‘Witchcraft’ and mysterious occult beliefs have been blamed for the surge in attacks targeting albinos in Africa over the last decade, but a UN expert said those theories leave a lot unexplained.

Ikponwosa Ero, a Nigerian who has the genetic condition that causes people to be born with very pale skin, is the first expert named by the United Nations to focus on the rights of people with albinism, including why they have been brutally maimed and murdered across Africa.

‘The attacks are a consequence of a root cause, so going after the root cause is one of my priorities,’ Ero told AFP. 

There were isolated attacks targeting albinos in Africa before 2006, but for Ero, the dramatic rise in such incidents across the continent over the last 10 years marks a clear phenomenon that requires further investigation.

‘People get it when you say 'witchcraft'‘, Ero told AFP. ‘It may not be correct.’

Much of the violence against albinos occurred in Tanzania, where dozens have been slaughtered or severely wounded since 2006.

Albino body parts have reportedly been used in ceremonies aimed at making diamonds appear in the soil in the East African nation. Their white hair has also been weaved into fishing lines to help fisherman make a big catch.

But attacks have also spiked in south and west African countries thousands of kilometres away from Tanzania, including Sierre Leone, where there at least 60 albinos have been murdered since 2007.

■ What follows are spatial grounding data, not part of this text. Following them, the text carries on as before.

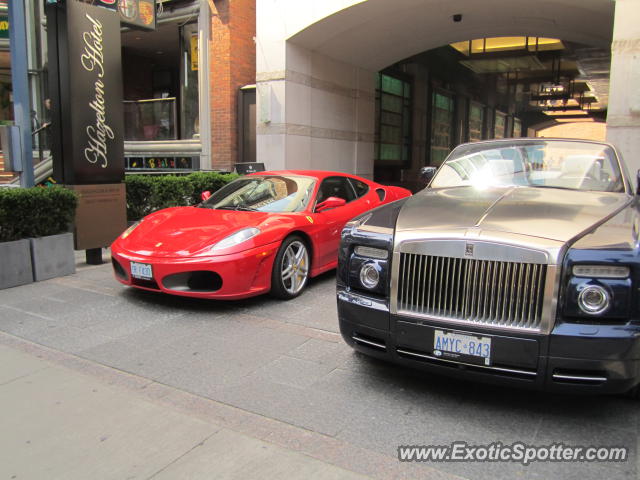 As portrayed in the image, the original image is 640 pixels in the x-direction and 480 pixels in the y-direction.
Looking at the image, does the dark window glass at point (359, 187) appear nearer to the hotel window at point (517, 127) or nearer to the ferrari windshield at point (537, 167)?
the ferrari windshield at point (537, 167)

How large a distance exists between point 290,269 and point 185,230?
118 cm

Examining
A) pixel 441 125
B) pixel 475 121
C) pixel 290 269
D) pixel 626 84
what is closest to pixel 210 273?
pixel 290 269

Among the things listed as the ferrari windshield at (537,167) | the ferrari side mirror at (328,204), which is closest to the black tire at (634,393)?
the ferrari windshield at (537,167)

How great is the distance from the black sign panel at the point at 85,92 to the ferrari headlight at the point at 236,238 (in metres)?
3.24

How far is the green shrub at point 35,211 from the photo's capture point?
6020mm

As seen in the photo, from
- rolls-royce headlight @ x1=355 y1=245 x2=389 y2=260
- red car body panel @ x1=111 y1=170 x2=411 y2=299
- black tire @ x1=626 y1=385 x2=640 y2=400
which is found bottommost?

Ero said a key question was how a bizarre, mystical belief that possession of albino body parts could bring riches found adherents across a vast continent in a relatively short period of time.

The sharing of ideas among so-called witchdoctors from Tanzania to Sierra Leone to Malawi -- where albino violence spiked last year -- seems hard to believe, Ero said. 

There is also no known evidence of a pan-African, pre-colonial belief in the magical power of dismembered albino bodies.

As the International Committee of the Red Cross noted in a 2009 report that sought to understand rising attacks in Tanzania and Burundi, ‘the use of the body parts of murdered albinos as good-luck charms suddenly came from nowhere.’

- Other answers -

Ero said one of her jobs is to look for other answers.

‘There are a lot of theories,’ she told AFP, highlighting one -- rising wealth on the continent -- that may be ‘viable.’

This theory suggests that economic growth in Africa created new individual wealth that fuelled resentment and suspicion in some communities.

In isolated cases ‘capitalism (was viewed) as a magical phenomenon and people can't understand why you are so rich and I am are so poor,’ Ero explained.

Claims by so-called witchdoctors that albino body parts brought prosperity may have been persuasive to a handful of misguided people and the notion somehow spread. 

This theory was previously argued in 2013 research from the Free University of Berlin which blamed the surging attacks on albinos in Tanzania on resentments caused by boom-and-bust economic cycles in the northwest Mwanza district, where the attacks were concentrated.

Ero said the ultimate goal was to move past vague references to African witchcraft -- which suit media headlines -- but which do not fully explain the gruesome trend.

‘You can't stop something from happening without looking at the reason why it's happening,’ she said.